PROFETAS DE ESPERANÇA, AO ESTILO DE COMBONI


 

Em 2025 vivemos um ano jubilar, um tempo especial de reconciliação, de renovação pessoal e comunitária. Para viver este tempo em plenitude, o Papa Francisco proclamou a esperança como mensagem central deste Jubileu desafiando a Igreja e o mundo a serem peregrinos de esperança. A partir da constatação de que «a esperança não engana» (Romanos 5,5), o pontífice ao proclamar o Jubileu escrevia: «Todos esperam. No coração de cada pessoa, encerra-se a esperança como desejo e expectativa do bem. Muitas vezes encontramos pessoas desanimadas que olham, com ceticismo e pessimismo, para o futuro como se nada lhes pudesse proporcionar felicidade. Que o Jubileu, seja para todos, ocasião para reanimar a esperança! A Palavra de Deus ajuda-nos a encontrar as razões para isso».

 

A Esperança não engana

A esperança nasce do amor do Pai e funda-se no amor, feito pão partido para a vida do mundo, o amor do Coração de Jesus trespassado na cruz. Este amor divino, manifestado por Cristo, o missionário do Pai, é também o fundamento da vocação e da missão de S. Daniel Comboni e dos seus missionários. 

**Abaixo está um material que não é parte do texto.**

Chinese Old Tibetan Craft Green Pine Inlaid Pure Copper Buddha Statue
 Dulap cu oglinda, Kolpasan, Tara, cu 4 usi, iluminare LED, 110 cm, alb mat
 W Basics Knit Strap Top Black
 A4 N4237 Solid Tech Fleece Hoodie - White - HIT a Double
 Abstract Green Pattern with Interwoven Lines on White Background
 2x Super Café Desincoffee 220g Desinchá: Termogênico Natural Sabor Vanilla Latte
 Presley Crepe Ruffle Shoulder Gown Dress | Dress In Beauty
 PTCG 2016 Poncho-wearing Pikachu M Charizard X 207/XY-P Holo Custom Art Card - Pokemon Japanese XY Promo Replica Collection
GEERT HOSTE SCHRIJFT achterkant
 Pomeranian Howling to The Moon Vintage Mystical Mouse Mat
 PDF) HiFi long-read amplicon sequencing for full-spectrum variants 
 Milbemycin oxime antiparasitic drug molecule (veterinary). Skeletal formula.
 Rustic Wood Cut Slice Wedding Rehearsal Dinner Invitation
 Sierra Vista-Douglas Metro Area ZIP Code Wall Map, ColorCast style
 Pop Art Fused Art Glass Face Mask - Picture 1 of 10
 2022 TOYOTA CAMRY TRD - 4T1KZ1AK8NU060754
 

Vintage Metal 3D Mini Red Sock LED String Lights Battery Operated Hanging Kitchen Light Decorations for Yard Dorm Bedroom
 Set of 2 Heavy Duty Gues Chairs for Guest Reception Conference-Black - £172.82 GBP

Comboni escreveu: «O Sagrado Coração de Jesus palpitou também pelos povos negros da África Central e Jesus Cristo morreu igualmente pelos Africanos. Jesus Cristo, o Bom Pastor, acolherá também a África Central dentro do seu redil. E o missionário apostólico não pode percorrer senão o caminho da cruz do divino Mestre, semeada de espinhos e fadigas de todo o género. Portanto, o verdadeiro apóstolo não deve ter medo de nenhuma dificuldade, nem sequer da morte. A cruz e o martírio são o seu triunfo» (Escritos 5647).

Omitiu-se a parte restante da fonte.